Political

How reducing inequality boosts economic growth

Global inequality - World Economic Forum infographic


From the World Economic Forum website by a deputy director at the IMF, no less:

Over the long haul, countries that have managed to limit excessive inequality are countries that enjoy both faster growth and more sustainable growth. The latter is particularly important: what enables poorer countries to close the frontier with industrialized nations is not the ability to initiate growth, but rather the ability to sustain reasonably high growth over periods of many years, or even decades. Many things can help here – openness to trade, openness to foreign direct investment, political stability, and macroeconomic stability (keeping inflation and fiscal deficits moderate, and avoiding boom-bust credit cycles) – but what we are learning is that one critical ingredient in this mix, a key part of the pantheon as it were, is keeping inequality under control…

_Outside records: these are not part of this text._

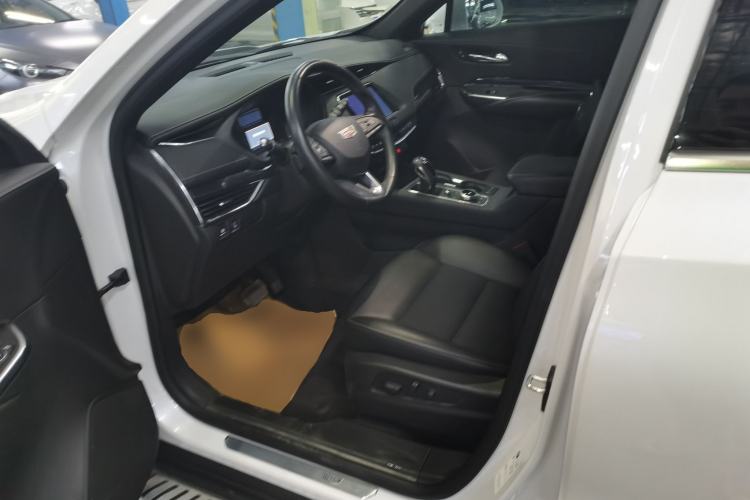 Used Cadillac XT4 2018 28T Two-Wheel Drive Tech Version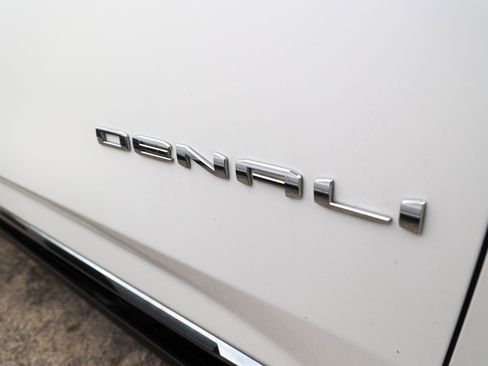 Used 2023 GMC Yukon XL Denali Ultimate image 13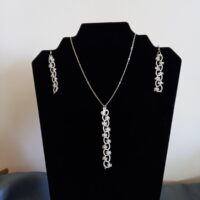 Ensemble bijoux frivolité en passiflore ivoire composé d'un pendentif et d'une paire de boucles d'oreilles longues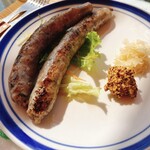 Prost Sausage & Kunsei Bar Okinawa Umikajiterasu Ten - ソーセージ2種盛り合わせ、別角度から！
                        (右)日本　大葉ヴルスト
                        (左)イタリア　サルシッチャ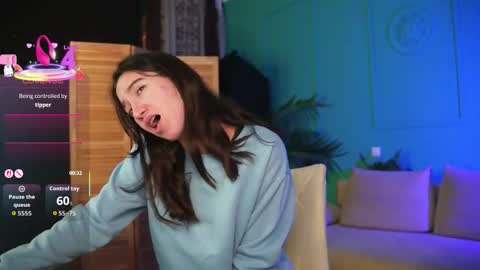 Bella online show from October 13, 3:47 pm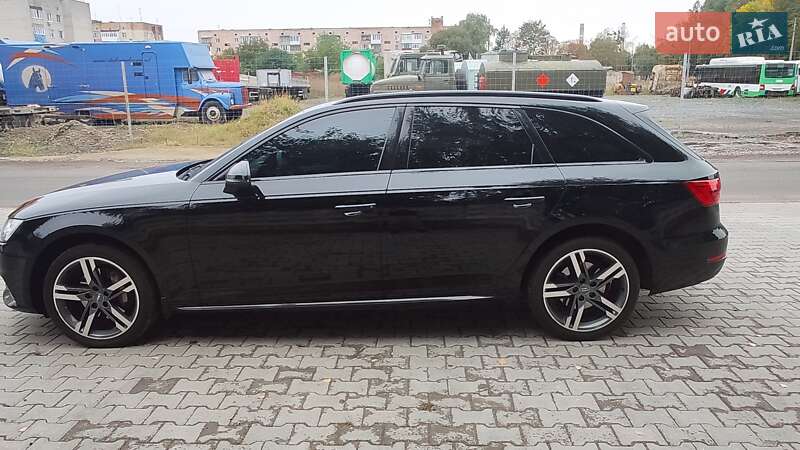 Універсал Audi A4 2017 в Луцьку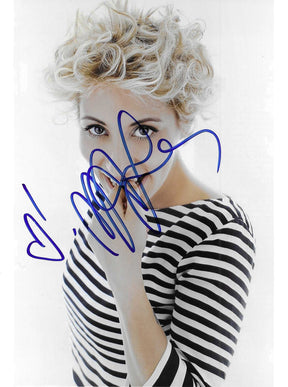 Fotografia autografata Malika Ayane ritratto bianco e nero – autografo blu originale – MTM Memorabilia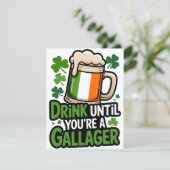 Carte d'humour de boisson pour la Saint-Patrick (Debout devant)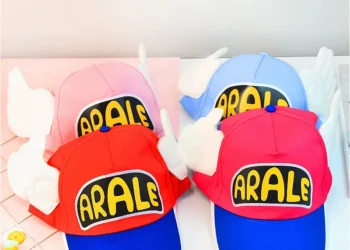 Stylish and Adjustable Cartoon Wing Baseball Hat for Everyday Outdoor Use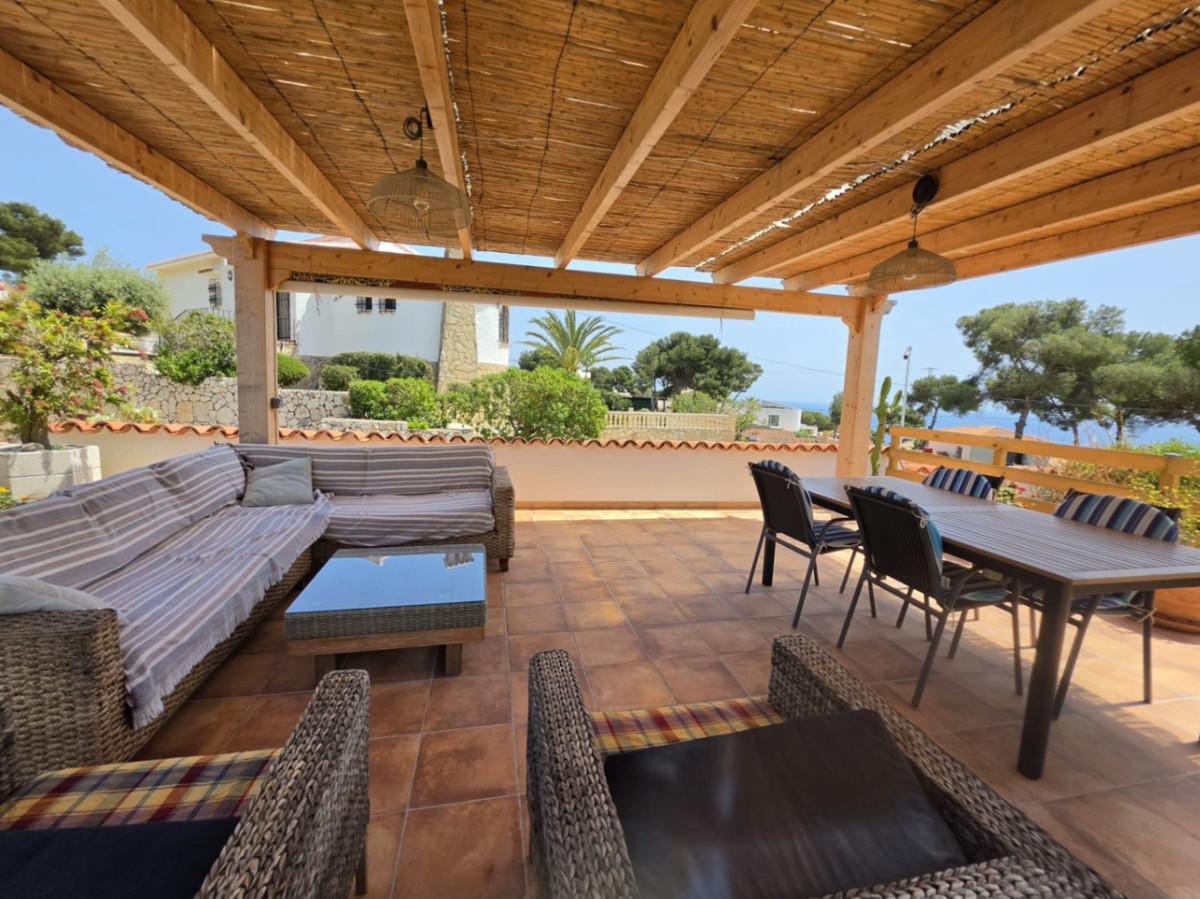 2 Bed Townhouse for sale in Javea Costa Blanca, Alicante, Spain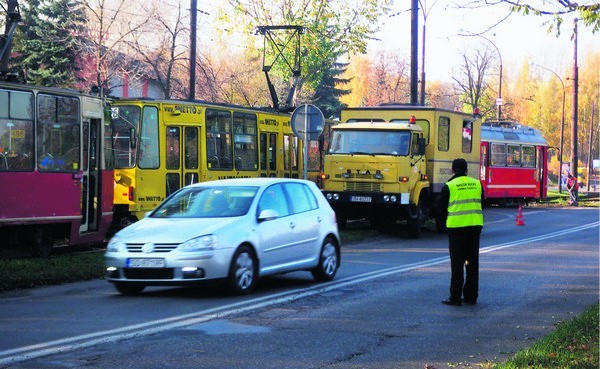 Fatalny stan torowiska w Sosnowcu jest m. in. przyczyną kilku wykolejeń tramwajów w ostatnich tygodniach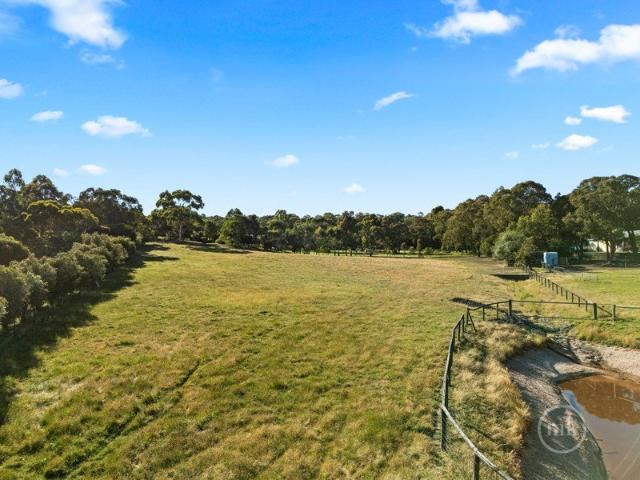 Land for sale in Yarrambat, Melbourne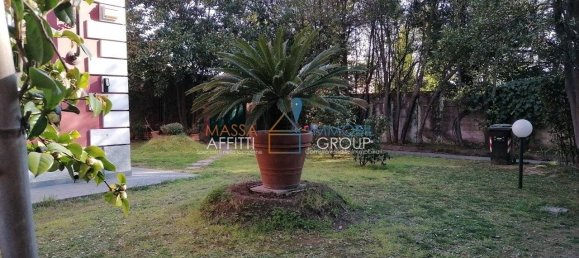 Villa de 3 dormitorios en Carrara, Italy No. 48083 30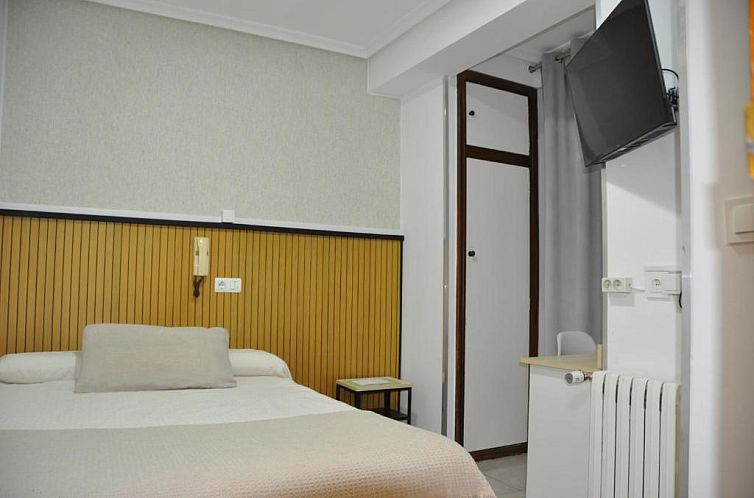 Hostal Ramón y Cajal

On average – over many countries and across many time periods – the redistributive fiscal (tax and transfer) policies that (advanced and developing) countries have pursued have not been harmful. A key objection to redistributive policies is that they damage economic efficiency – but the damage on average appears to be small unless redistribution is extreme. And the resulting increase in equality has a remarkably robust protective effect on both the level and the sustainability of economic growth.

Redistributive policies, unless they are extreme, seem not to carry the disincentive effects that have worried some people. And, by improving equality, they actually help sustain growth and support other policies and self help – allowing the less well off to get a better education or better access to health and proper nutrition. Indeed, in a number of advanced countries that have successfully kept net (post tax and transfer) inequality at relatively low levels, both redistribution and policies aimed at promoting inclusion and reducing market (pre-tax and transfer) inequality have played a salient role.

Some relevant to the debates over The Spirit Level.